• **Assignment**:
Print the lines below word for word, beginning with the first and ending with the line that holds "Dr. Seuss |", and skip every picture.

• **Data under study**:
|---|

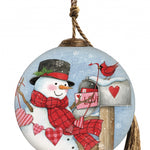 Valentine Snowman Hand Painted Mouth Blown Glass Ornament - Montana Home & Kitchen Co.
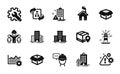 Vector set of Warning, Lighthouse and Buildings icons simple set. Vector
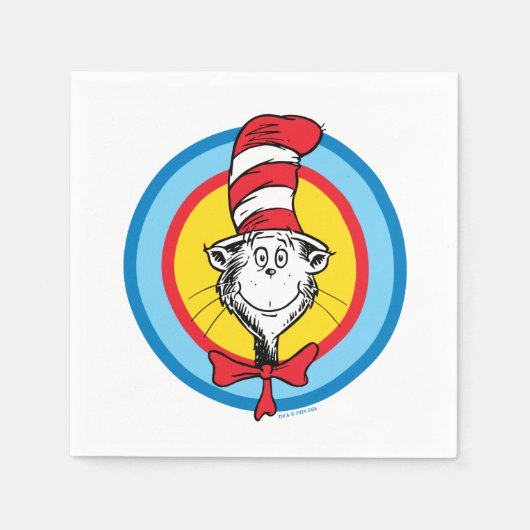 Dr. Seuss | 帽子の中の猫 頭 グラフィック スタンダードカクテルナプキン (正面)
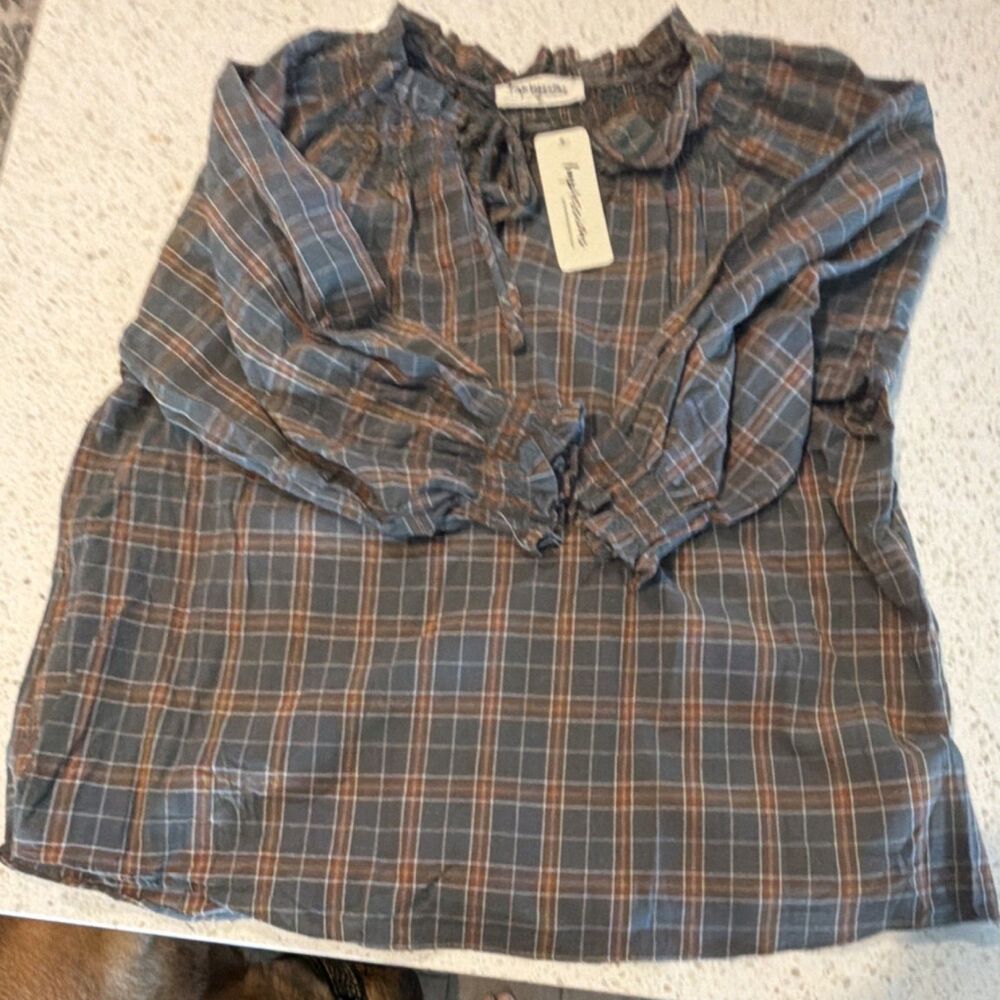 Impressions Gray Orange White Plaid Cotton Smocked Tie Neck Blouse Long Sleeve M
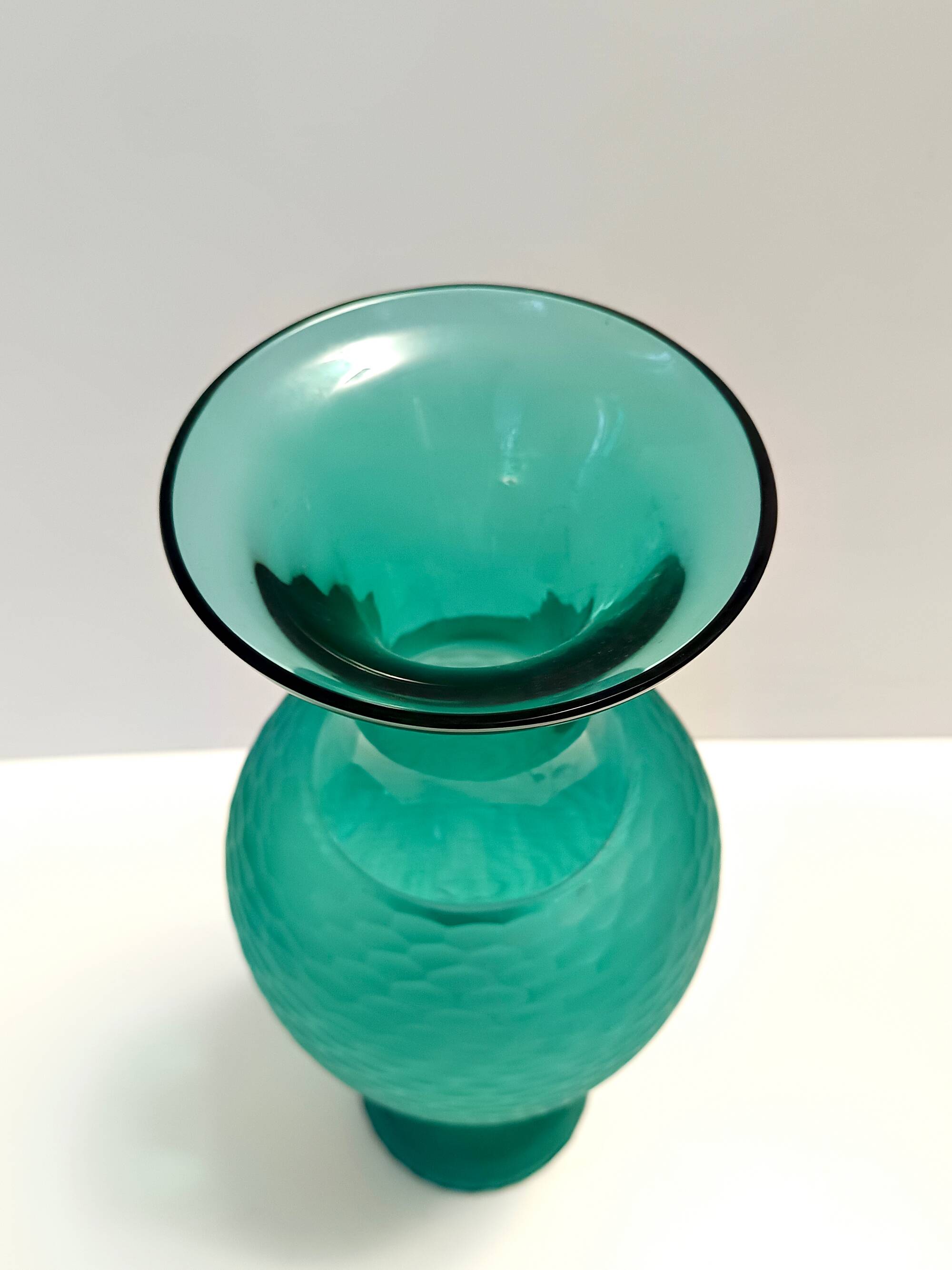 Teal Polished Hand-Blown Murano Glass Vase by Vetrarti, Italy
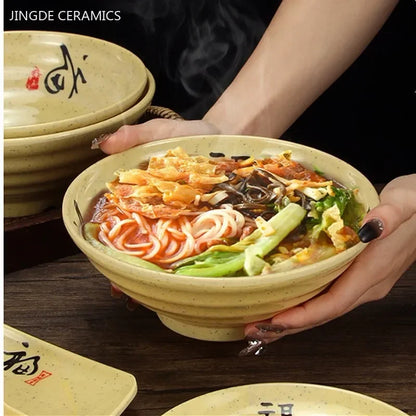 1pc Chinese Style Melamine Plate Not Easily Broken Plastic Dinner Plates Noodle Bowl Household Tableware Kitchen Accessories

|---|

• **Task solution**:
 Valentine Snowman Hand Painted Mouth Blown Glass Ornament - Montana Home & Kitchen Co.
 Vector set of Warning, Lighthouse and Buildings icons simple set. Vector
 Dr. Seuss | 帽子の中の猫 頭 グラフィック スタンダードカクテルナプキン (正面)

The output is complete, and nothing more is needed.